Confirming with DeviceQuery:
Quote
CUDA Device Query (Runtime API) version (CUDART static linking)

There is 1 device supporting CUDA

Device 0: "GeForce GTX 480"
  CUDA Driver Version:                           3.20
  CUDA Runtime Version:                          3.20
  CUDA Capability Major/Minor version number:    2.0
  Total amount of global memory:                 1576468480 bytes
  Multiprocessors x Cores/MP = Cores:            15 (MP) x 32 (Cores/MP) = 480 (
Cores)
  Total amount of constant memory:               65536 bytes
  Total amount of shared memory per block:       49152 bytes
  Total number of registers available per block: 32768
  Warp size:                                     32
  Maximum number of threads per block:           1024
  Maximum sizes of each dimension of a block:    1024 x 1024 x 64
  Maximum sizes of each dimension of a grid:     65535 x 65535 x 1
  Maximum memory pitch:                          2147483647 bytes
  Texture alignment:                             512 bytes
  Clock rate:                                    0.81 GHz
  Concurrent copy and execution:                 Yes
  Run time limit on kernels:                     No
  Integrated:                                    No
  Support host page-locked memory mapping:       Yes
  Compute mode:                                  Default (multiple host threads
can use this device simultaneously)
  Concurrent kernel execution:                   Yes
  Device has ECC support enabled:                No
  Device is using TCC driver mode:               No

deviceQuery, CUDA Driver = CUDART, CUDA Driver Version = 3.20, CUDA Runtime Vers
ion = 3.20, NumDevs = 1, Device = GeForce GTX 480


PASSED

So I gather we're stuck for now  :(  [Edit:] unless you happen to be good with SoftIce or similar.... ::)
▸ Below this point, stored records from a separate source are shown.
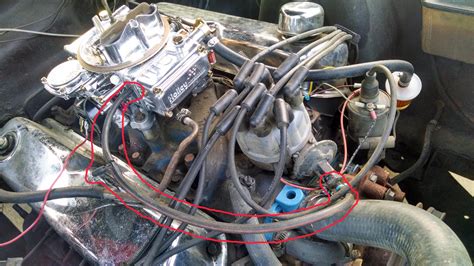 where do i hook up vacuum advance on holley carb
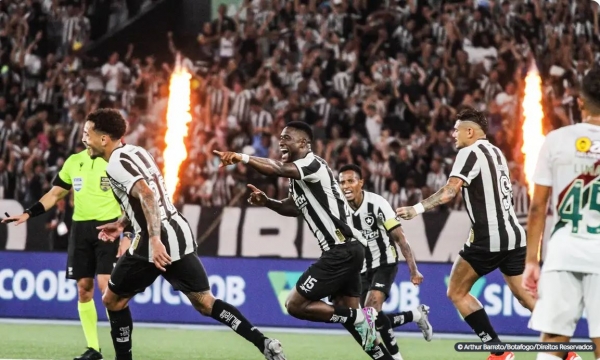 BOTAFOGO DERROTA FLUMINENSE E DORME NA LIDERANÇA DO BRASILEIRO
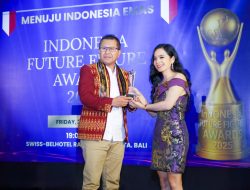 Sukses 100 Hari Kerja, Bupati Kupang Raih Penghargaan Indonesia Future Figure Award 2025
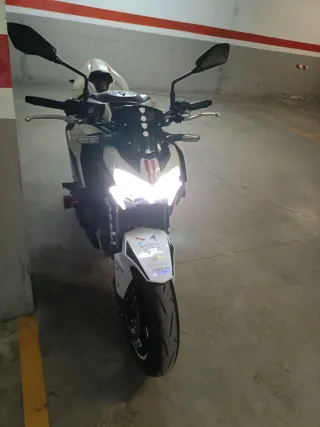 Kawasaki Z900 900cc Naked Blanca solo 4.300km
Going to try checking if I got the section number in the inf right etc...
« Last Edit: 02 Dec 2010, 04:34:24 pm by Jason G »

Ghost0210

  • Guest
Re: [Split] PowerSpectrum Unit Test
« Reply #139 on: 02 Dec 2010, 05:31:33 pm »
I got stuck @ the same point as well.
When I ran the nvidia-smi.exe -dm0 cmd I got the same message about the GPU not being supported on TCC.
I tried modifying the .inf file with limited success so I used this site http://laptopvideo2go.com
Basically they create a standard .inf file that allows all NV cards to use all drivers ;D Saved a lot of time and hassle - they also have unreleased drivers on their site. The latest I could see were 265.90. Not sure where they get them from so use at your own risk, but I've had no issues with them.
also saw a slight increase in the worst case scenario with Mod5 with these drivers, of the top of my head it was about .2 increase over the official release drivers.
Haven't had a look at SoftIce yet - I'll do a bit of research tomorrow as it looks like I may not be getting into the office again :D

Ghost0210

  • Guest
Re: [Split] PowerSpectrum Unit Test
« Reply #140 on: 03 Dec 2010, 02:25:17 pm »
Despite finding a couple more posts (after spending a few hour searching) saying that it is possible to enable TCC mode on non-Tesla cards, I haven't been able to get it running on my 465.
At the moment all I have managed is to change the compute mode ruleset through nvidia-smi. Although DeviceQuery still says its running in Default mode, so wether this has had any real affect or not is up for debate >:(
Think its about time to give up on this idea unfortunately, shame though, it would have been nice to get it working as all this card does is crunch Seti

Offline Jason G

  • Construction Fraggle
  • Knight who says 'Ni!'
  • *****
  • Posts: 8980
Re: [Split] PowerSpectrum Unit Test
« Reply #141 on: 03 Dec 2010, 02:45:34 pm »
Yeah tried that compute mode thing too.  With Fermi's we want 'Normal' mode anyway, so as to allow multiple instances  ;).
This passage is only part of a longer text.